WHAT YOU GUYS THINK......


----------



## 9manfan (Oct 22, 2008)

Sweet,,,, love the music,,no trouble with the house's in the back ground or should I say no trouble with the people in the house's,,, very nice video :beer:


----------



## Bucky Goldstein (Jun 23, 2007)

That's good stuff.

The best is at 1:38 when the song opens up and you guys start shooting. Great song choice.


----------



## calisnowhunter (Jun 7, 2006)

Awesome great music and some good shooting in there too


----------



## hunt4P&amp;Y (Sep 23, 2004)

Very nice!


----------



## muskat (Mar 5, 2002)

I think you guys are damn close to civilization!

Great video, great shooting!


----------



## gsehnter-bloms (Dec 16, 2007)

Awesome video!!


----------



## Shu (Oct 21, 2003)

SWEET!


----------



## Save Hens (Mar 15, 2008)

Holy balls, sweet video and nice work


----------



## flight cancled (Aug 28, 2007)

so your the one the zink crew stole the footage from.. haha jk but nice job making it rain!!! :beer:


----------



## J.D. (Oct 14, 2002)

Dats what im talkin bout! 8)


----------



## goose_caller (Jul 5, 2005)

A season of a lifetime for you boys out there for sure....just start praying for another amazing hatch so ya can do it all over again next year.


----------



## George Zahradka (Aug 27, 2008)

yeah it was a great season out here for sure.....

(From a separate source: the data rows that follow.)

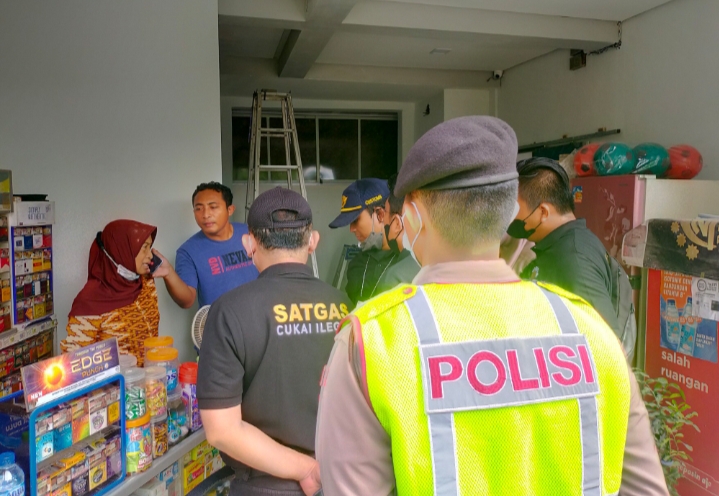 Satpol PP Surabaya dan Bea Cukai Razia Rokok Ilegal di Toko Kelontong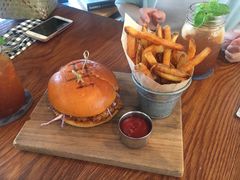-ROAST coffee & eatery
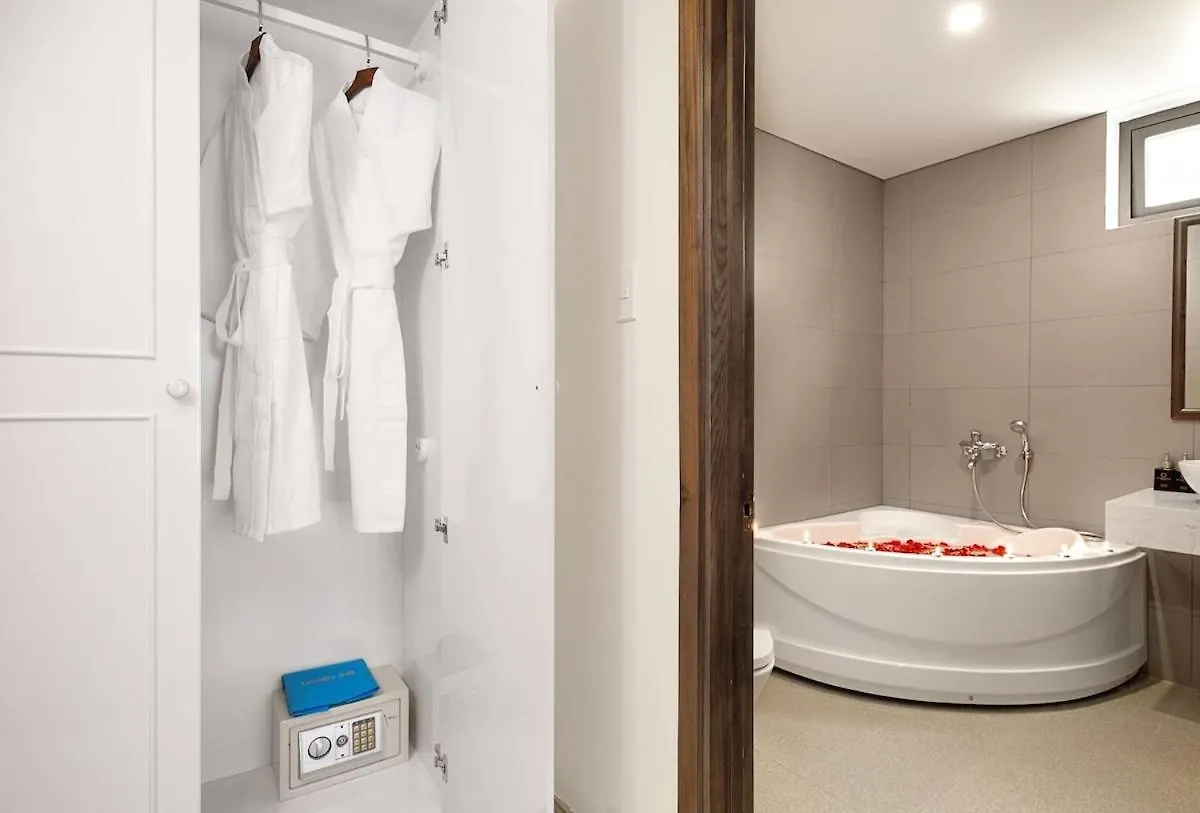 Grand Sea View Hotel & Spa Da Nang 4*,  Wietnam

Thanks for all the support

thats everywhere you hunt out here...houses,you guys don't know how lucky you are out there.....


----------



## crewhunting (Mar 29, 2007)

sweet video.


----------



## PJ (Oct 1, 2002)

Defiantly make the cut for the next Avery vid.


----------



## goosebusters (Jan 12, 2006)

Great to see the Bigfoot fullbodies in there! I wish I had a full spread of those things, they set out fast and can be treated like crap. And they can obviously stack up the birds like any other decoy.


----------



## George Zahradka (Aug 27, 2008)

they are a very nice decoy indeed....although they don't move ...i think movement in the decoys is a real key......


----------



## hunter121390 (Nov 7, 2006)

seet video


----------



## USAlx50 (Nov 30, 2004)

Wow man, that is some really good stuff. That dog has some go in it. Looks like just a little guy but you can tell he's got the heart to handle the geese.


----------



## nodakoutdoors.com (Feb 27, 2002)

Great camera work, some of the best flock footage working I've seen.

Well done.


----------



## waterfowler22 (Aug 30, 2007)

This is an awesome video guys! You did a great job with that, not too mention what a great hunt you guys had!!!


----------